Mothers are not only a gentle nurse, but they are courageous to advocate for their children through their sacrificial love. Love that is sacrificial involves a cost. Love is painstaking. Yet, God’s love restores such a deep injury, and the restoration process demands forgiveness. And, forgiveness seeks reconciliation.

The vertical line of love for God and the horizontal line of love for others are the Christian foundation, which has been exemplified by the New Adam, Christ our Lord on the cross.

Trusting the Lord does not mean that our life is a smooth pathway, but He gives us strength to pass through it. It is not easy to love the world as our human world is broken and corrupt, filled with war. But, the Scripture says that “when the ways of people please the Lord, He causes even their enemies to be at peace with them” (Proverbs 16:7).

Moses was a transitional man who delivered the Ten Commandments to the Israelites, but Jesus is the living God who walks with us, who leads us from here to eternity.

Faith is not an intellectual pondering, but faith is an act of loving.

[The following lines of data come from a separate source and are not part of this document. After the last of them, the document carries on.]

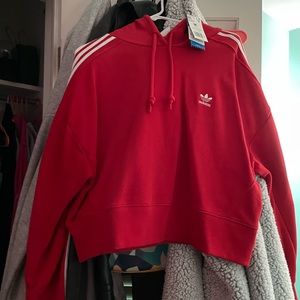 Red Adidas hoodie never worn before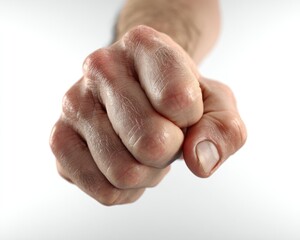 A close-up shot showcases a person's fist, clenched tight with visible knuckles, set against a clean, white background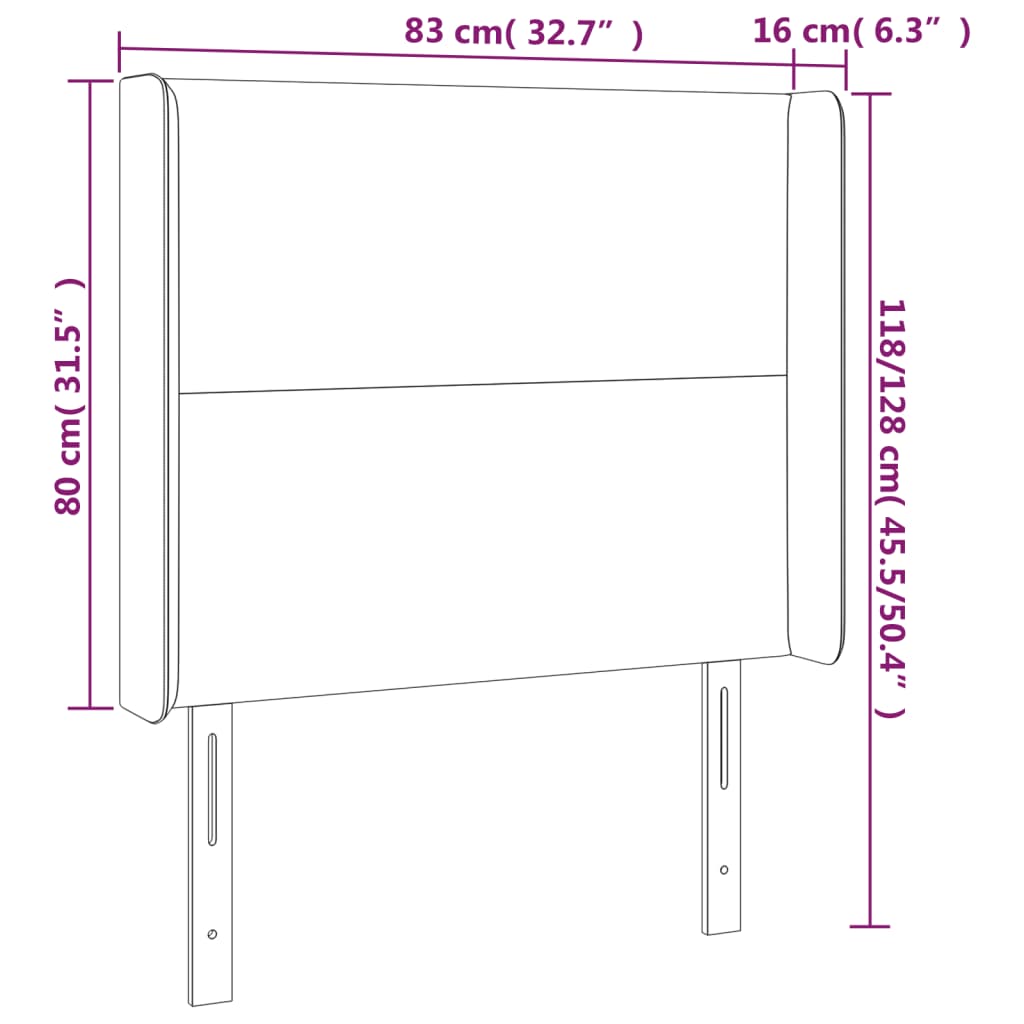 Cabeceira de cama c/ abas tecido 83x16x118/128 cm creme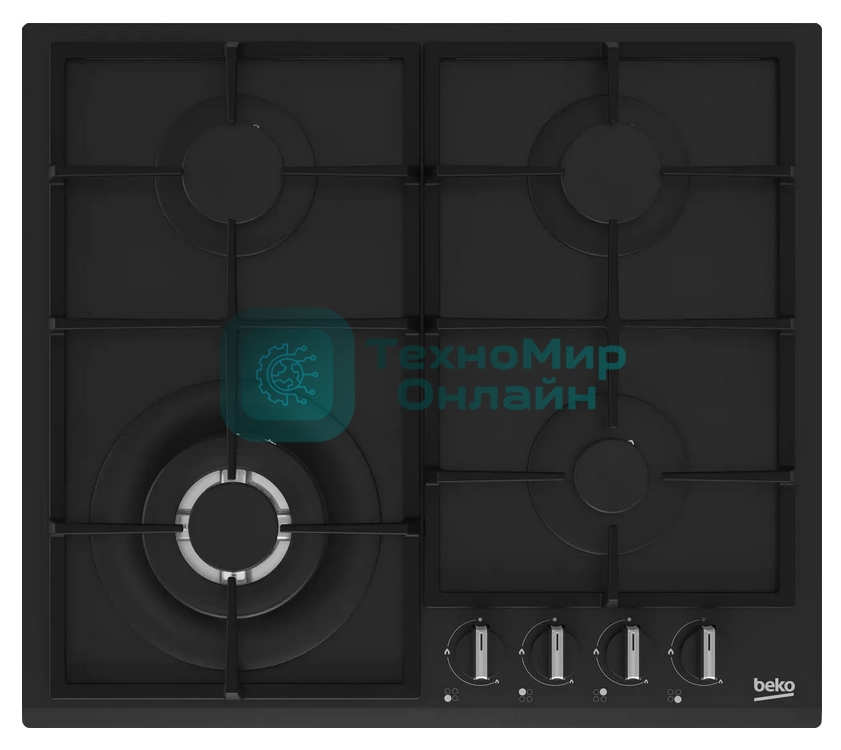 Встраиваемая газовая варочная поверхность Beko HIYG 64225 SBO, Черный
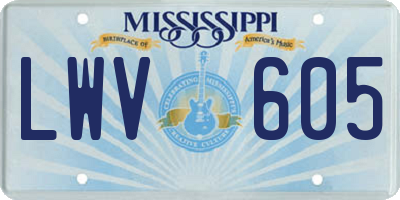MS license plate LWV605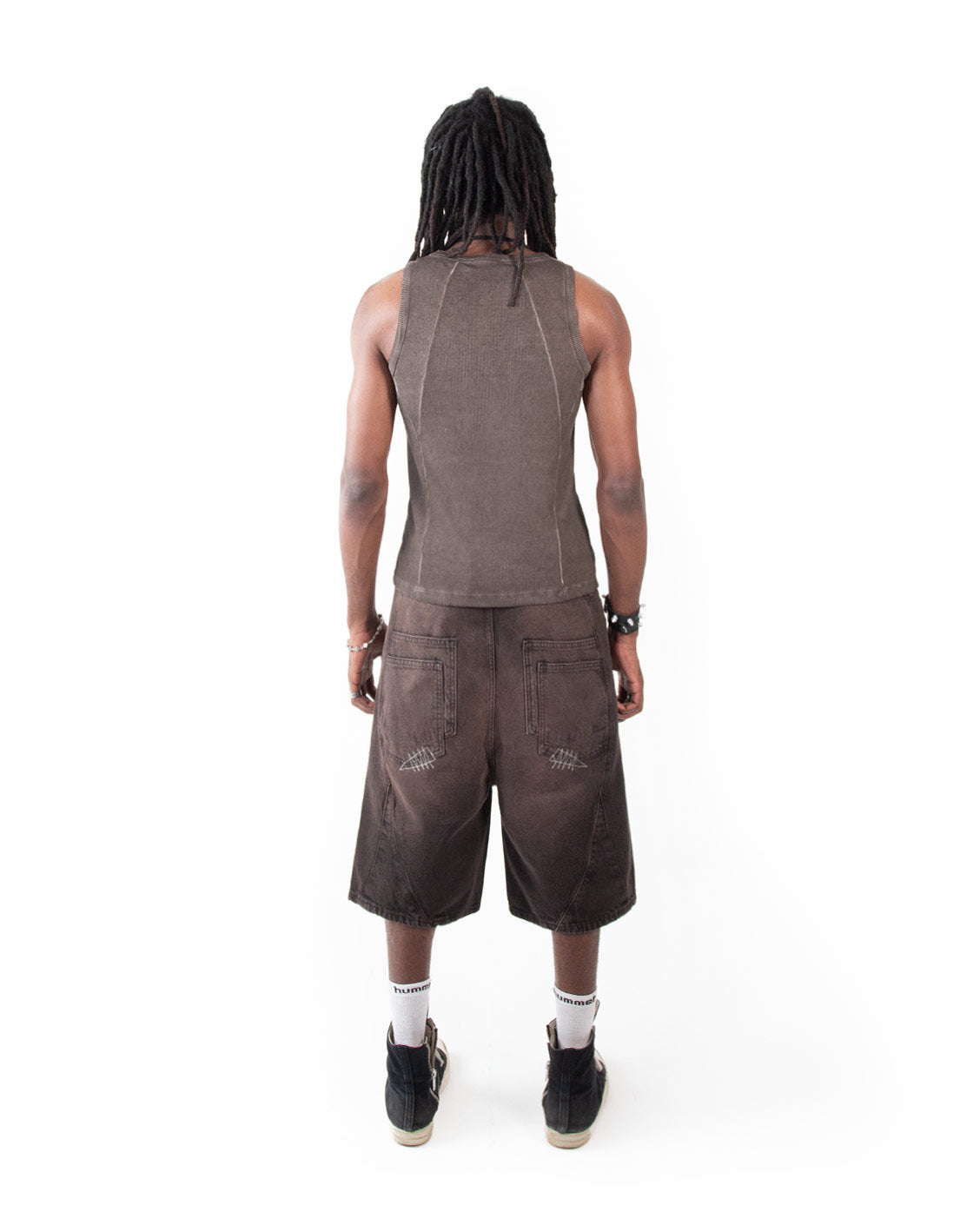 Line Tank Top Brown Oil Wash-IYAMIUIO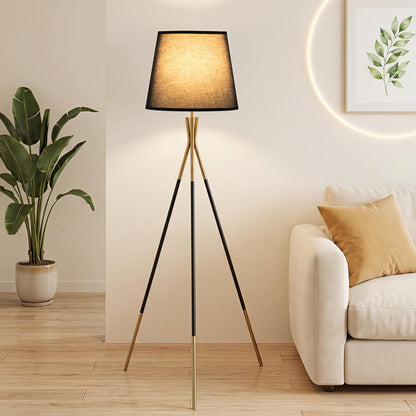 Modern Metal Tripod Floor Lamp with Fabric Shade & Foot Switch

Nothing can separate us from the love of God that is in Christ Jesus, our Lord (Romans 8:39).

I started this sermon with an experiment in a seminary setting. It is understandable how we get caught up easily in our time-pressured lives, yet we should strive to love at all times as Jesus tells us in today’s Gospel. After all, “love covers over a multitude of sins” (1 Peter 4:8).

Lord, may your splendour of love be incarnate in us! Amen!

Sermon was preached by Diane Lee at St. Matthew’s Riverdale on the twenty-first Sunday after Pentecost, October 29th, 2017.